◆ **Assigned task**: Repeat verbatim, and only, the lines of the data below, beginning at the line that contains "苏教版小学数学三年级下册教案" and stopping after the line that contains "Evangelion 4th Angel Model Glasses".

◆ **Data under study**:

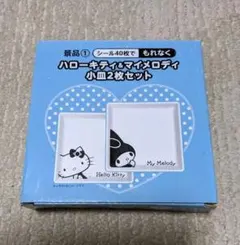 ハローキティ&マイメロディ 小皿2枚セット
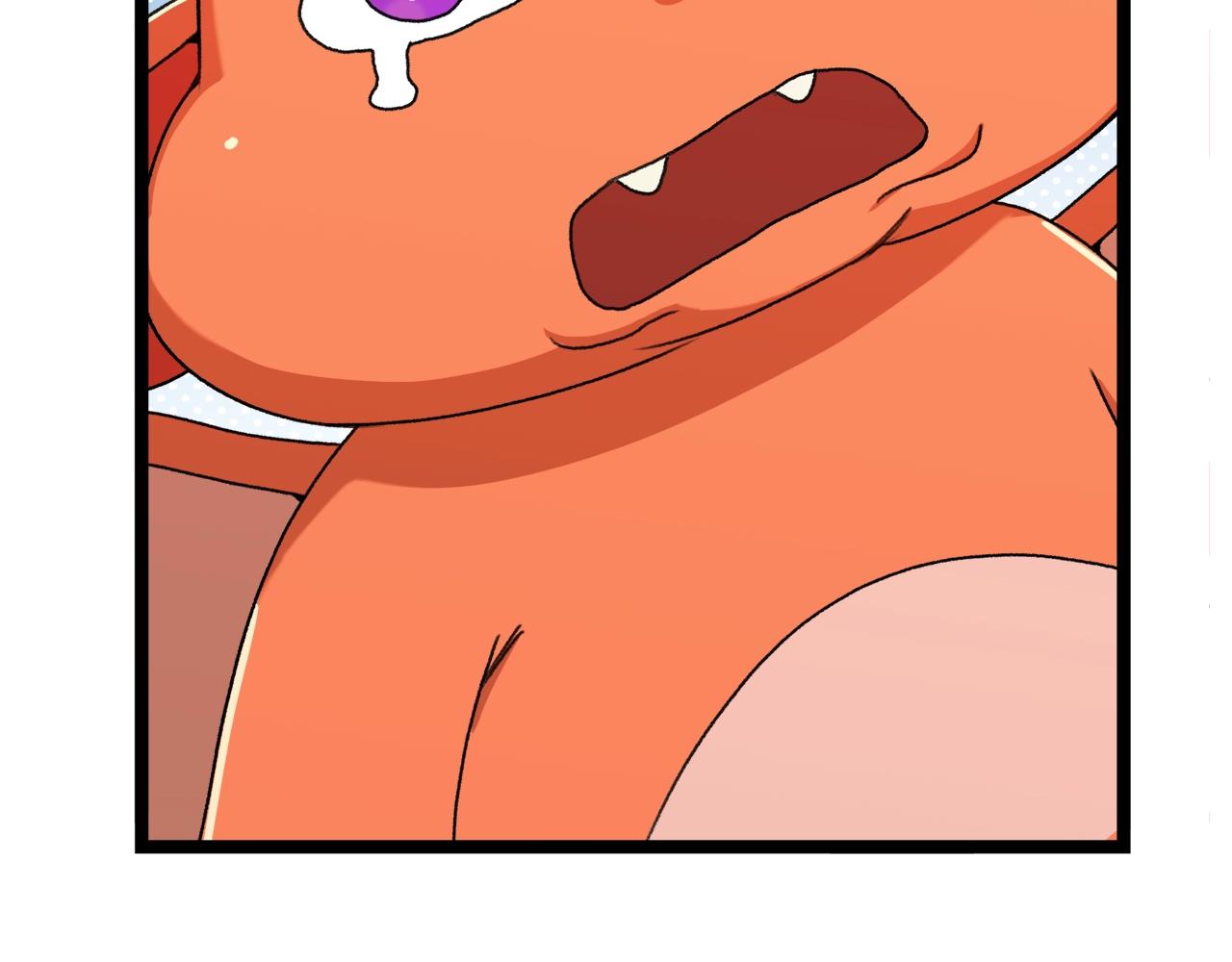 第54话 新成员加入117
==
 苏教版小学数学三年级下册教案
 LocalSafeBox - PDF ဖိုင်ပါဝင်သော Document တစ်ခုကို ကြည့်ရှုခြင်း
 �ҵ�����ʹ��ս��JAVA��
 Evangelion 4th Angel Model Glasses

◆ **Exercise output**:
 苏教版小学数学三年级下册教案
 LocalSafeBox - PDF ဖိုင်ပါဝင်သော Document တစ်ခုကို ကြည့်ရှုခြင်း
 �ҵ�����ʹ��ս��JAVA��
 Evangelion 4th Angel Model Glasses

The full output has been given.